Why I Stayed

 Remember in May, when I took the kids on a last minute trip to Utah because I felt the spirit compelling me to do so?  Literally last minute.  The baptism was the next morning and we didn't start driving until the afternoon before.  Going to Utah wasn't even a thought in my mind until the last minute.  It was definitely a rare spiritual prompting that urged me to do something that didn't really make sense.  The whole time I was in Utah, however, the spirit whispered to me on numerous occasions, "This would not have happened had you not been here."  The spirit confirmed to me that my decision to follow the prompting to go to Utah was the right thing to do.

After Grandpa Turley died, I had the opposite experience.  I did not feel compelled to go to Utah to attend his funeral.  In fact, it was just the opposite.  I felt anxious and was repelled at the thought of me going to the funeral.  Jon was ready to support me in whatever I wanted to do, but I didn't feel peace about going to Utah for the funeral.  I didn't know why and I didn't understand it...but I made the decision to just stay home and watch it on zoom.  After I made that decision, I felt peace.  Even when it was determined that President Dallin H. Oaks was going to speak at the funeral, I didn't regret my decision to stay.  Even when my family was sending me pictures of President Nelson, President Oaks, Elder Stevenson, and Elder Christofferson at my Grandpa's funeral...I didn't regret my decision to stay and I still felt peace about my decision.  I could have been in the presence of a prophet of God!  And yet...I felt peace about being home in my own little space in Lancaster.  I felt like I needed to be here.

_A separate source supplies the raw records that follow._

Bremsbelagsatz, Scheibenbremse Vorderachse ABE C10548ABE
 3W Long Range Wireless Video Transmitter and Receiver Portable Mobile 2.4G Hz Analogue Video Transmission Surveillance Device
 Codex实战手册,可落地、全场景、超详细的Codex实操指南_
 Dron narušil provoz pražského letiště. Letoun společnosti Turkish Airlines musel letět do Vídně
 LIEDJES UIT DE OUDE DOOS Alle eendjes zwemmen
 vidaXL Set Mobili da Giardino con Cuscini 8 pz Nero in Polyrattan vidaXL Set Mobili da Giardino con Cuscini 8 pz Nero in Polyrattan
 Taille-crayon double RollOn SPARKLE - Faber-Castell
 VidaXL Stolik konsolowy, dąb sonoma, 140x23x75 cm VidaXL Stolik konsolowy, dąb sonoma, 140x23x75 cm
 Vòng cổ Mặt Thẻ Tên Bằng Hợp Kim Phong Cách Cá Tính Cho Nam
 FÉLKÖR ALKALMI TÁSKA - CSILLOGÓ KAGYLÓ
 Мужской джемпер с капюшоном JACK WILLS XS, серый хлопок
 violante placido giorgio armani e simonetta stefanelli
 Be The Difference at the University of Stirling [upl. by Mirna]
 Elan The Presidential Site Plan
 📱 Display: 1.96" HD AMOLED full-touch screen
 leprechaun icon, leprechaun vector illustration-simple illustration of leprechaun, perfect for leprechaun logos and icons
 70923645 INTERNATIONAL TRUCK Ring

If I would have attended the funeral, I would have flown in on Wednesday evening and flown back on Sunday.  The viewing was on Thursday, funeral on Friday, and Jon said that Sunday would be the best time to pick me up since there is less traffic on Sunday's.  For some reason, I was keeping a mental note of everything that I did from Monday to Sunday, thinking that there must be a reason why I stayed home and didn't attend the funeral.

I didn't make a list of everything, but here are just a few things that I did that I wouldn't have been able to do had I been in Utah:

Wednesday night: We had a wonderful youth activity with the Young Women where we each shared about a women in church history or the scriptures.  One of my counselors was sick so if I wasn't there then there would only be one counselor there.

Thursday: I got a call from Gorman wanting to interview me for the elementary job that I applied for.  I had the interview yesterday...I think I completely failed it and that I won't get the job.  I'm trying to not be embarrassed about it.  I also found out that day that the sister who was supposed to be teaching the YW lesson on Sunday couldn't make it.  Since I didn't want to ask my counselors to prepare a lesson last minute, I started preparing the lesson myself.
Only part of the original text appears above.